Most people will want to check out “Mom and Dad” because of its star. This is another movie primarily devoted to Nicolas Cage going fucking ballistic. And, oh boy, is it entertaining. In the early scenes, Cage has fun playing an up-tight, suburban dad, dropping hints at his future homicidal rage to come. Once the virus affects him, Cage goes to the insane heights we all know he is capable of. He yells, screams, he rants and raves. At one point, he begins to repeats the brand name of a reciprocating saw over and over again. By the end, he’s running through the house, barking and howling like a dog. He’s set on fire, with Fruit Loops stuck to his face. A much hyped scene has Cage destroying a pool table with a sledgehammer while singing “The Honky Pokey.” Yes, that is absolutely a high-light of the movie.

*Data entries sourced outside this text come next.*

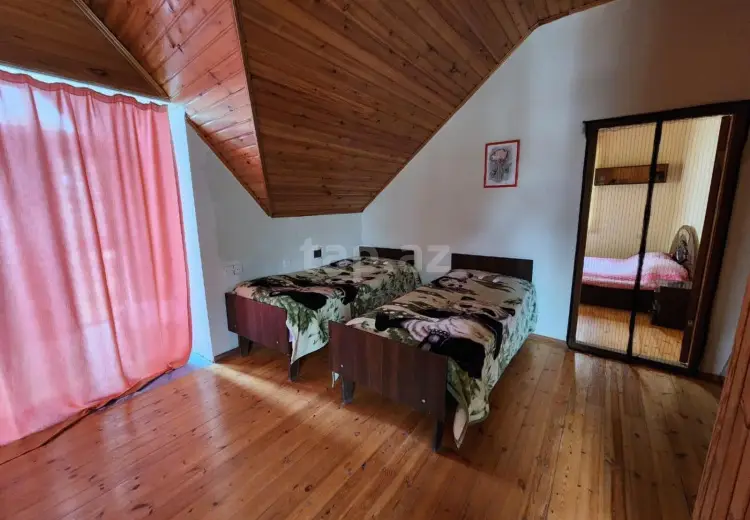 3 otaqlı mənzil , Nabran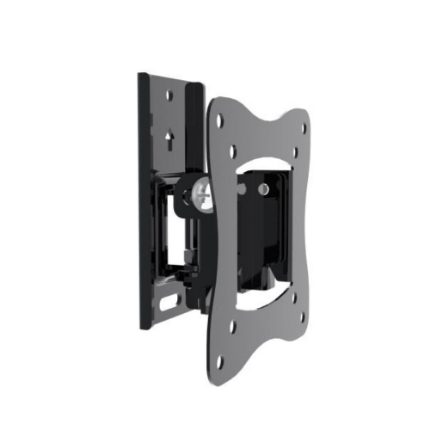 Εικόνα της Βάση Τηλεόρασης Επιτοίχια Focus Mount SMS10-11AT 14"-30"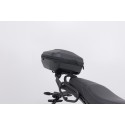 Portaequipaje STREET-RACK Negro. Triumph Speed ??400/Scrambler 400 X (23-).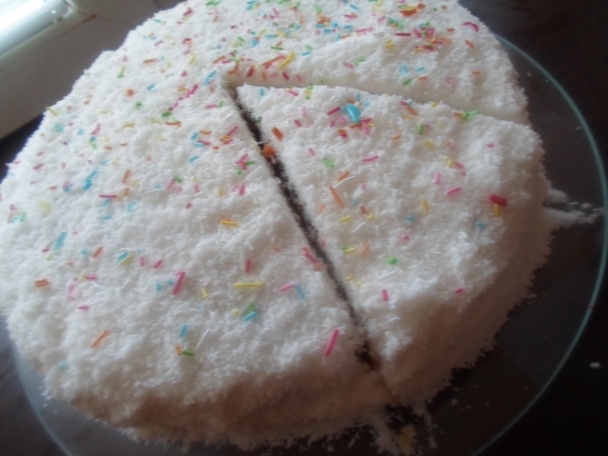 Zasnežená margot (fotorecept) - obrázok 9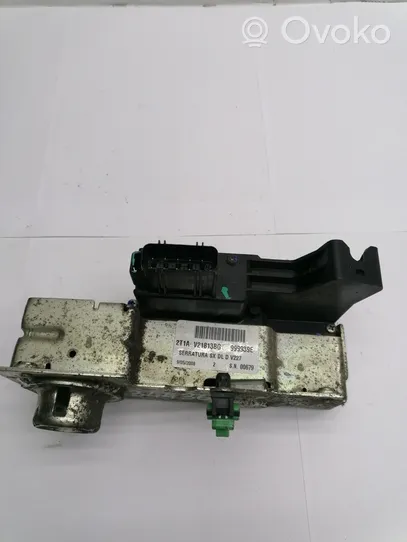 Ford Transit -  Tourneo Connect Front door lock 2T1AV21813BG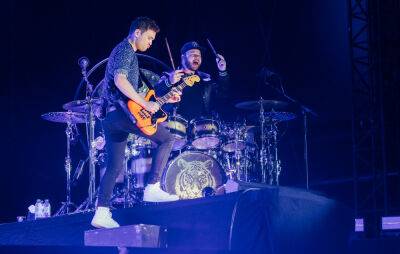 Royal Blood announce intimate summer 2023 UK warm-up shows - www.nme.com - Britain - county Hall - county Plymouth - city Rock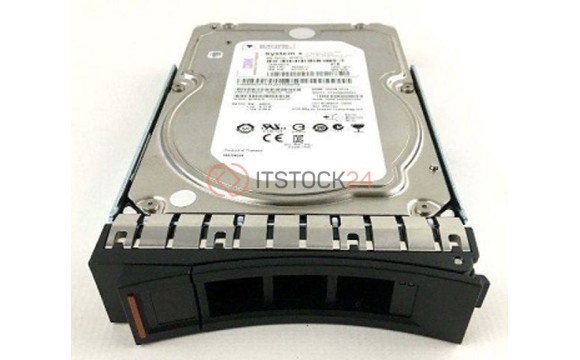 00RX931 Жесткий диск IBM (Lenovo) 3.5 7200 об/мин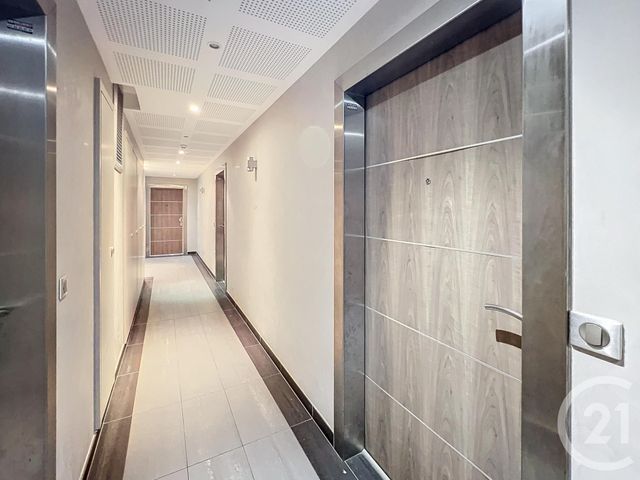 Appartement F2 à vendre - 2 pièces - 40 m2 - Juan Les Pins - 06 - PROVENCE-ALPES-COTE-D-AZUR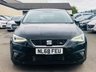 USED 2018 68 SEAT IBIZA 1.0 TSI FR 5d 114 BHP APPLE CAR PLAY * SPORT SEATS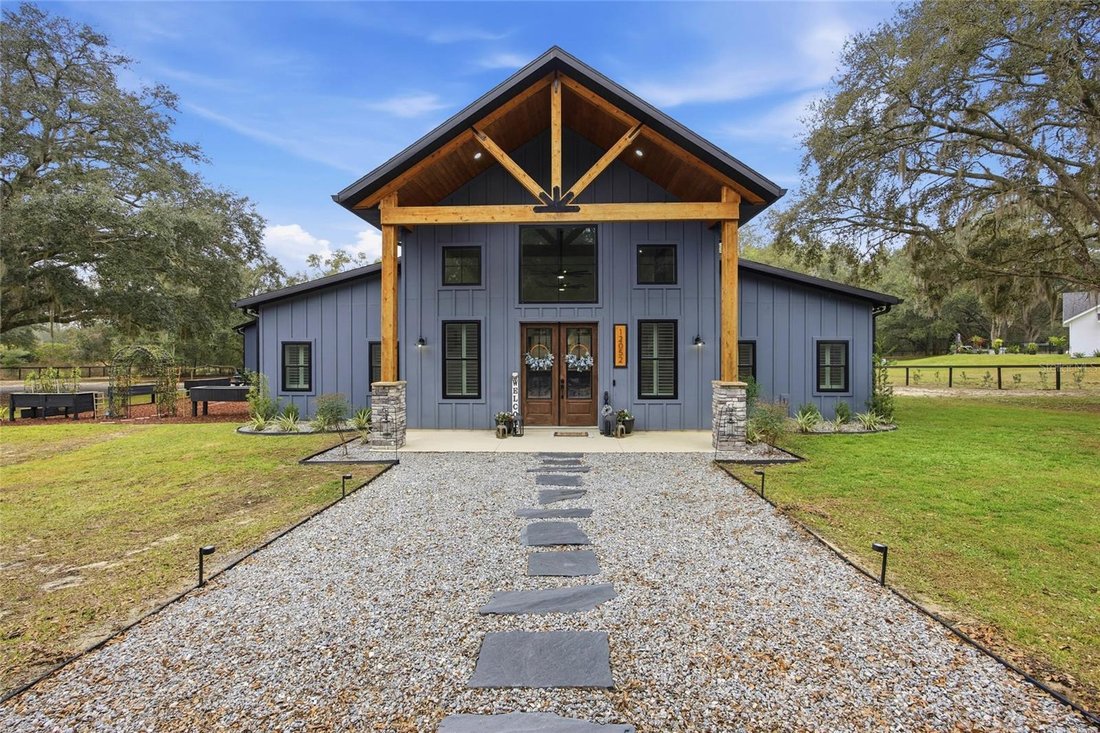 House in Ocala, Florida, United States 4 - 17186685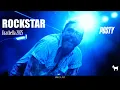 Post Malone - ROCKSTAR LIVE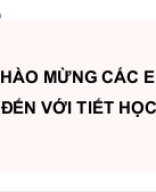 Chủ đề 1. Hoạt động 2+3.pptx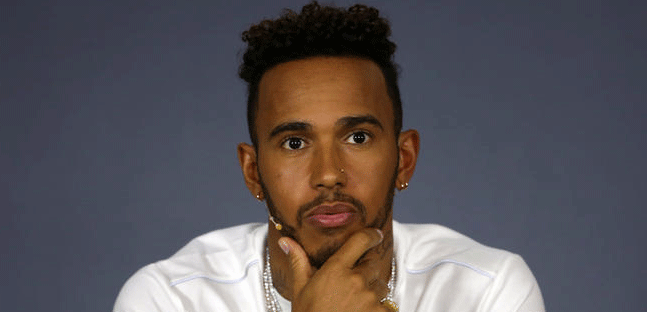 Hamilton: "Bello combattere<br />con Vettel, ma occhio alla Red Bull"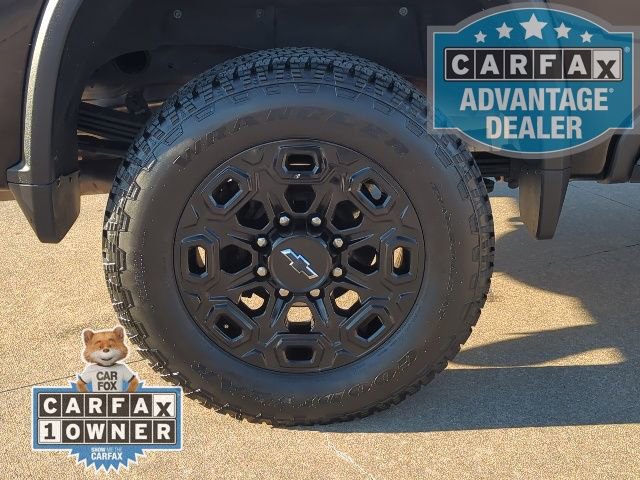 Used 2024 Chevrolet Silverado 2500 High Country w/ High Country Premium Package image 4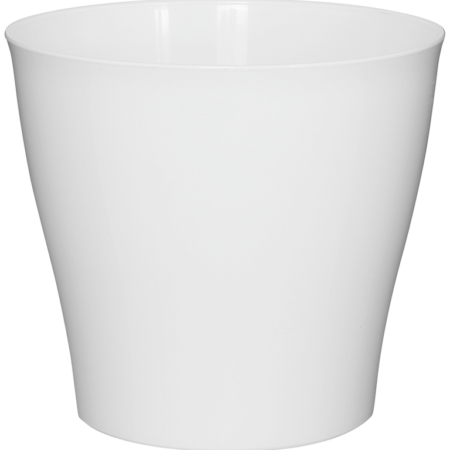 Casablanca pot white 12 cm 483 012 10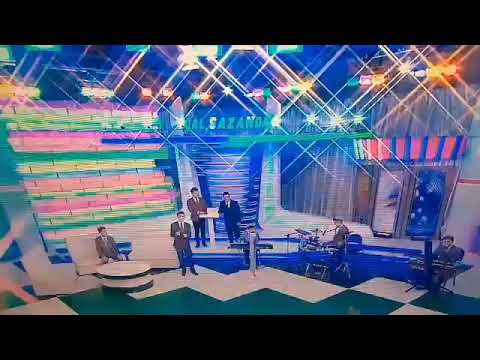 Kerim Hojamyradow Gozellerin seresi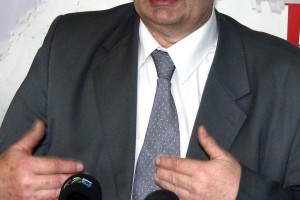 Savez bačkih bunjevaca - konferencija za novinare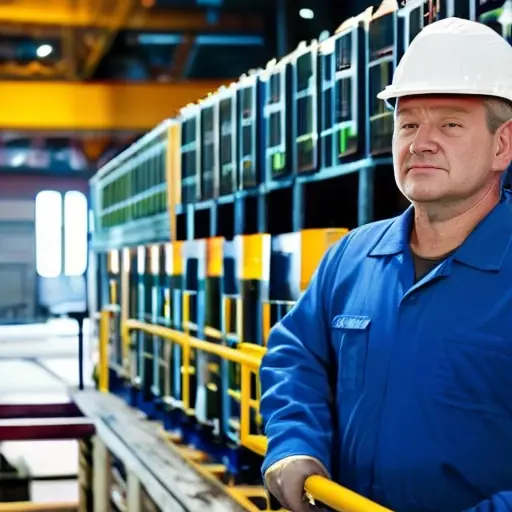 Промышленная безопасность в условиях непрерывного производственного цикла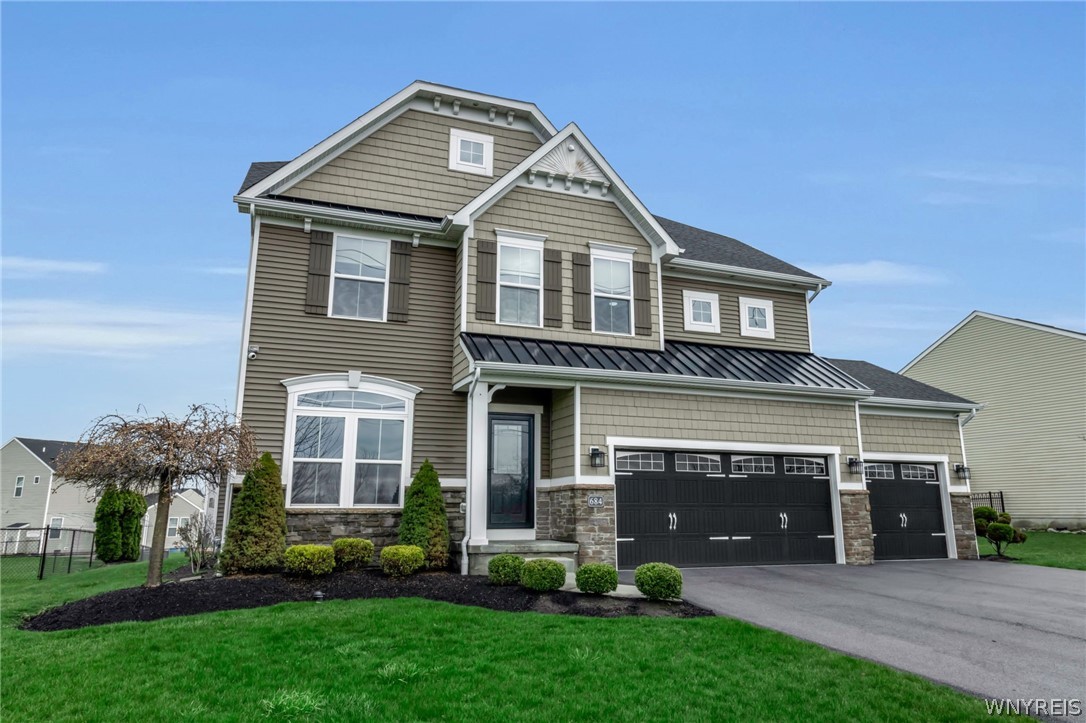 684 Pleasant View Drive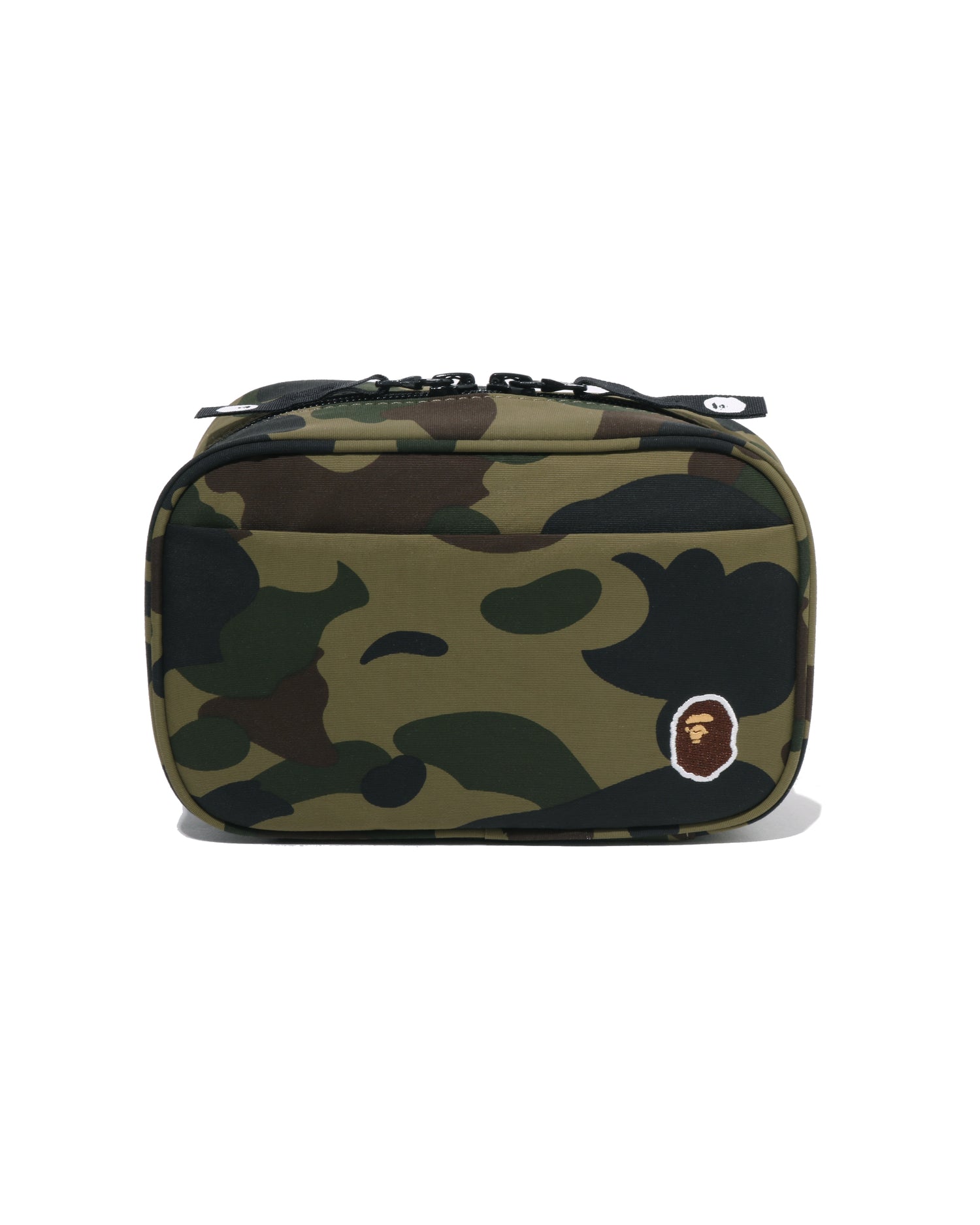 A BATHING APE CORDURAポーチ 【公式通販】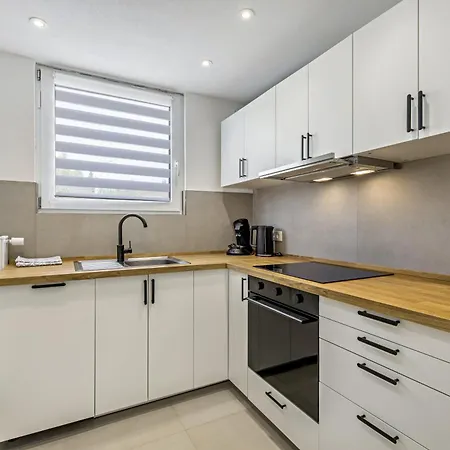 Apartamento 2 Rechts Mössingen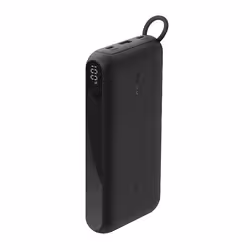 Belkin BPB028HQBK power bank 20000 mAh Black - Additional view 4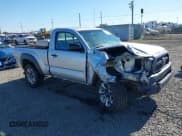 ✅ 2011 Toyota Tacoma • VIN: 5TFPX4EN8BX006550 • Lot: 42051531. Listed on IAAI with 138,480 mi. Free auction sales archive from the USA and detailed vehicle history report at DreamBid. Image 1.
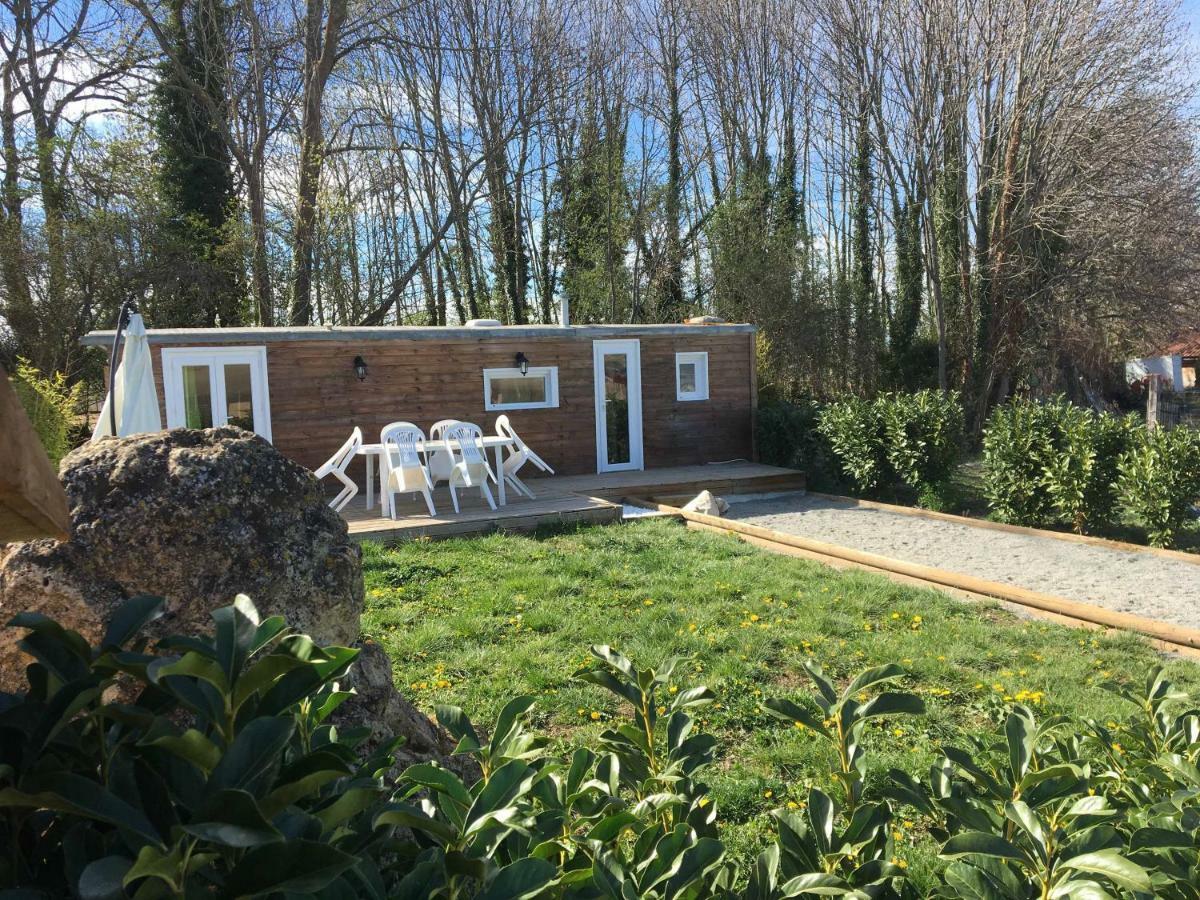 Chevrerie Des Oliviers Βίλα Saint-Georges-sur-Allier Εξωτερικό φωτογραφία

Cage and Blair are clearly the stars of the show. Technically, their kids are actually the protagonists of the film though. Anne Winters plays Carly, the daughter. Winters has some issues to overcome, as the character is unappealing initially. However, as the situation becomes more and more severe, Winters’ will to survive makes the character endearing. As ten year old Josh, Zackary Arthur – who already has quite a few credits, despite his young age – shows some clear abilities, panicking well and making the audience like him. Lance Henriksen puts in a late film appearance. The opening credits spoil this appearance, which otherwise would’ve been a fun surprise. Henriksen is also hamming it in a fun way.
Comparing “The Vatican Tapes” and “Mom and Dad,” you get the impression that the driving visual force behind the “Crank” films was Brian Taylor. “Mom and Dad” continues the frenetic style that characterized those movies. There’s often a frantic, kinetic energy in the film. The action scenes verge on the difficult to follow at times. Near the end, when the kids are wrestling with Mom, it almost becomes too much. however, when it works, this style lends “Mom and Dad” an energy almost as wild its leading performers. Taylor also tags on a retro-style opening credits, bringing a grindhouse feeling to the entire movie, in addition to being a decent work of art on its own.
Even separated from his directorial partner, Brian Taylor still displays some of the same problems. As in “Gamer” and “Ghost Rider: Spirit of Vengeance,” “Mom and Dad” has some pacing problems. For a while, the film has an odd back-and-forth, going from manic, high energy sequences and slower, more character-oriented moments. That leaves the viewer with a bit of whiplash. However, as it goes on, “Mom and Dad” finds its footing as a high-speed, increasingly nutty thriller. The last act gets especially insane, the film adding more characters and getting wilder as the movie clatters towards an intentionally blunt ending.
The score for “Mom and Dad” is credited to an entity called “Mr. Bill.” Matching its retro opening credits, the film’s score has a distinctively eighties feeling to it. It’s heavy on throbbing, anxious synth. Occasionally, the scattered melodies seem to intentionally recall Disasterpiece’s score for “It Follows.” Other times, the soundtrack leans heavily on wailing, heavy metal guitars. The film also features some especially inspired needle drops. Erasure’s “Chains of Love” puts in a hilarious appearance at one point.